Now, we move to the second story of manipulation & the cases being compelled to reach the High Court driven by the idiocy of Let the courts decide as the bureaucracy enjoys pretending to not to comprehend anything. This, I believe, only happens in India. The facts of this case are that an EOU is allowed to export under bond only under the erstwhile C. Ex. regime. The EOU exports 100% of the products manufactured therefore not in a position to utilize the Cenvat credit availed on some of the bulk liquid cargo procured through importers & services. It is crystal clear that complete duty exemption is available to the EOU both in respect of the Raw materials as well as the Capital goods either procured through imports or domestically. Finally, taxes & duties cannot be exported therefore this Cenvat credit never belonged to the department in any case & should have been refunded to the exporter as soon as the ER 2 Return was filed by the EOU. However, if things were made so simple, who will come & take care of the officials. Therefore, an elaborate refund procedure is devised by the bureaucracy. There is no time limit applicable to the refund of accumulated Cenvat credit under S 11 B for filing the refund claim. There is no time limit specified in the Rule as well as the notification but simply a reference is made to the S 11 B to introduce the mischief of manipulative interpretation & impose a restriction of 1 year. The policy makers know everything & the following is highlighted but to no avail.

Rule 5 for refund of accumulated cenvat credit is antithetical to duty payment specified in S 11 B. Rule 5 operates when exports are conducted under Bond/LUT whereas S 11B only applies when goods are cleared on the payment of duty. See clause (B) under Explanation in S 11B.

EOU was exempt from duty payment both domestic as well as import procurements therefore any duty payment from the EOU never belonged to the department in any case.

Under Rule 5, Quarterly claim have to be filed in respect of accumulated Cenvat credit. Therefore, claim can be filed at the end of the quarter only. The time limit is 1 year, which can only start from the close of the quarter. The refund of accumulated Cenvat credit filed on 31.7.13 in respect of July-Sep 12 quarter but exporter is denied refund on exports effected between 1.7.13 through 30.7.13 because 1 year under S 11 B is w.e.f. the date of exports. Thus, Exporter is not getting 1 year time to file the claim as specified in the law. This is impractical & untenable in terms of the implementation of the law therefore the error cannot be allowed to continue. Refund of accumulated Cenvat credit has nothing to do with the date of export.

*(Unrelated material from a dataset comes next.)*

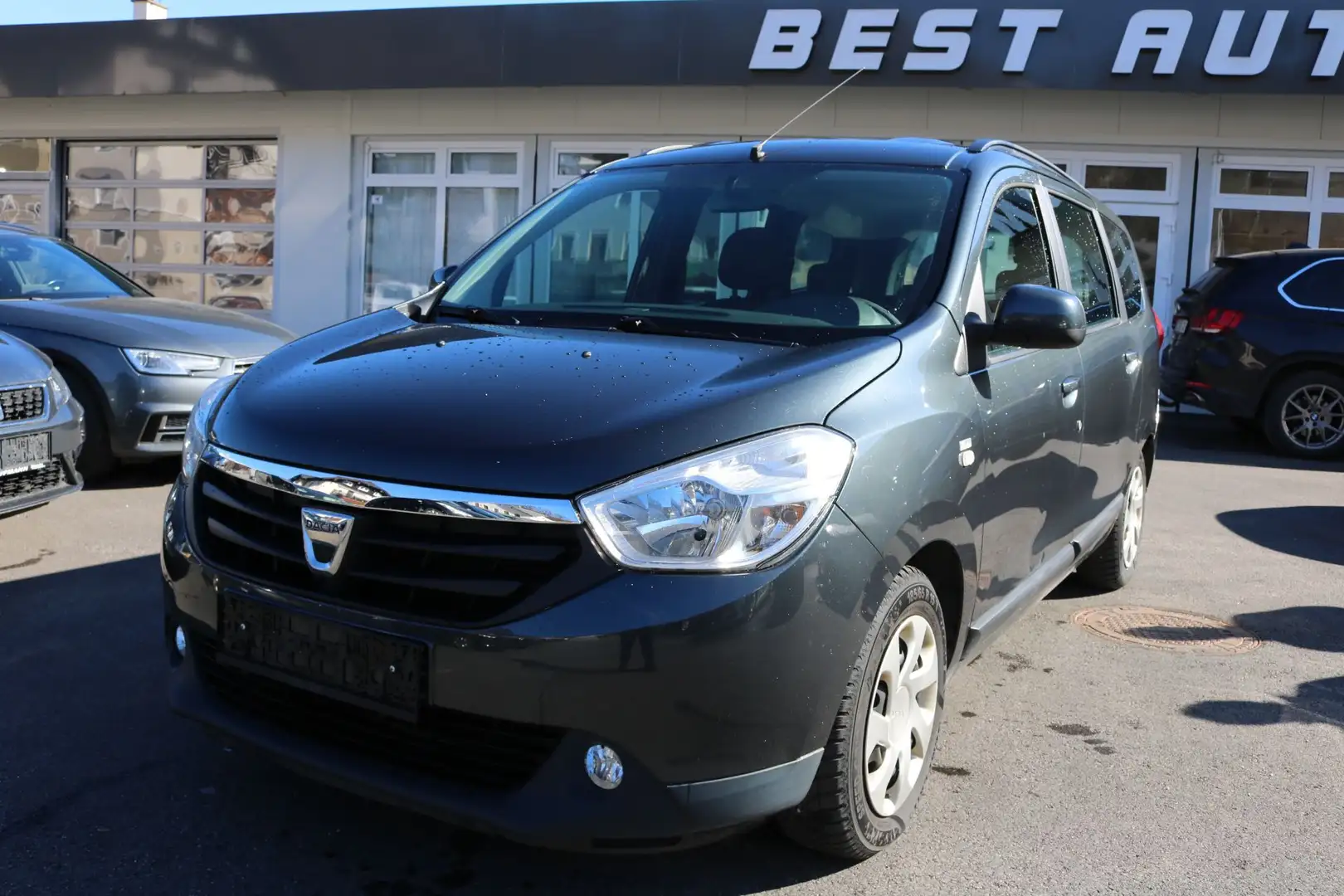 Dacia Lodgy Ambiance dCi 90 Grau - 1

S 11 B is clear that legislature has imposed limitation on refund of duty & interest thereon & this cannot be stretched to include refund of accumulated Cenvat credit. S 11B is very specific & clear about in which cases, it applies.

ER-2 Returns filed by EOU establish the refund of accumulated Cenvat credit. Refund application is procedural only. Procedural infarction cannot result in denial of substantive entitlement.

Hon’ble Madras HC GTN Engg. is bad law because paragraph 15 clearly acknowledges, no limitation, therefore it cannot be read into the law.

However, everything falls on deaf ears but then once again the God comes to ensure that the justice is done.

Once again, under S 142 (3) of the CGST Act, 2017, the re-credit arising in terms of Notfn. 27/2012 CE (NT) dtd. 18.6.12 has to be refunded in cash as re-credit is not possible due to the change in taxation regime & advent of GST comes to the rescue of the manipulation introduced & perpetuated by the bureaucracy. However, still the cases are languishing at various stages. Is it not fair enough that the stock of the situation is taken & decision taken to end the litigation & grant refund in cash in a gentleman like manner!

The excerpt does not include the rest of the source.